The aggregate amount of hours worked in the US and in Continental Europe has evolved quite differently over the last 35 years. In the 1970s the average number of working hours per capita was slightly larger in European countries such as France, Italy, and Germany than in the US. Today Americans work around 30% more than Europeans. These differences are important and they explain almost all existing US-Europe differences in GDP per capita: GDP per capita is today 30% higher in the US than in France or Germany, while productivity, measured by GDP per hour worked, is roughly equal. This means that Americans are today richer than Europeans not because they are more productive but simply because they work more.
The emerging gap in working time is partly due to the evolution of the participation rate (that has increased more in the US) and the unemployment rate (that has increased just in Europe). But another substantial part has to do with the number of hours worked per worker, the dynamics of which explain between one third and one half of the differences.
The decision on how many hours to work once employed is for many workers voluntary.
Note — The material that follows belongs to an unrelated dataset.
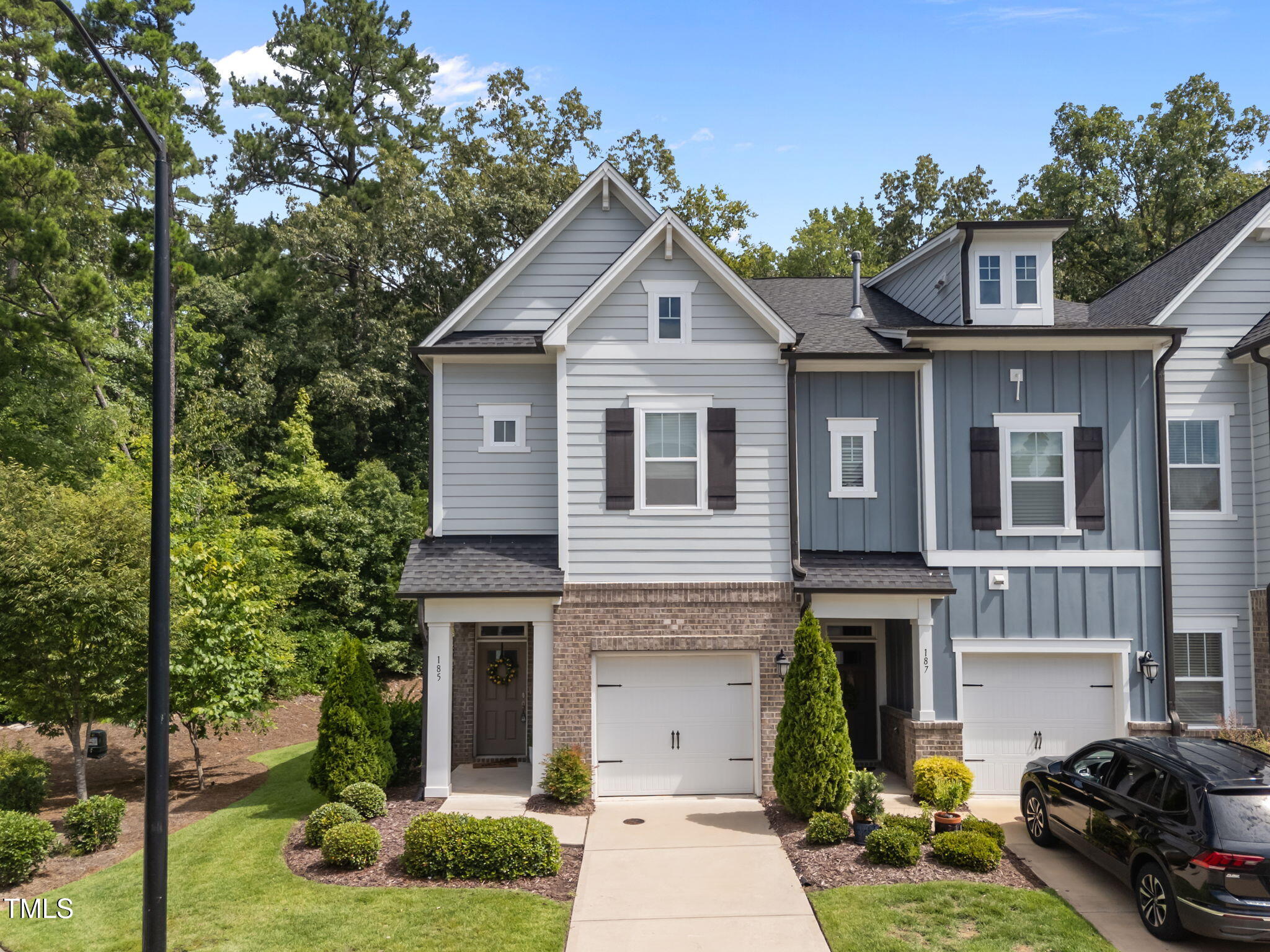 185 Manordale Drive Chapel Hill NC 27517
Of course there are exceptions - in some countries and for some jobs, existing legislations restrict the maximum amount of hours worked, but rules are not always binding or not always enforced. Differences between actual and desired working time are indeed small for European workers and they have even decreased over the last decades. So it has been argued that we should not worry too much about the diverging evolution of hours per worker in the US and Europe. Today Europeans simply devote less time to working time activities because they have started to enjoy leisure more.
But is it really the case that Americans and Europeans have become intrinsically different? It may be. Yet, it is also true that aggregate labour market conditions have evolved quite differently in the US and Europe. During the last thirty years, wage inequality has increased substantially in the US and little in Europe, while the unemployment rate has risen in Europe but not in the US. Today, unemployment risk is smaller in the US than in Europe, obtaining better jobs is easier, there are greater chances to move up the career ladder, and to get employed in highly paid jobs. This implies quite different incentives during the working life of American and European workers.
Our recent research shows that these differences in incentives can account for the observed differences in working time across the two sides of the Atlantic. Getting promoted in the current job, and obtaining better jobs requires hard work, and workers are ready to do it only if the endeavour is worth it. When this return falls, hours worked fall. This is the case of Europe over the last three decades. While the pursuit of the American dream makes Americans work hard, the sluggish economic performance of Europe discourages European workers from working longer hours. So rather than blaming Europeans for devoting too much time to leisure activities, it may be worth liberalising European markets further. Giving more powerful incentives to European workers over their working life would be the most effective way to close the output gap between the US and Europe.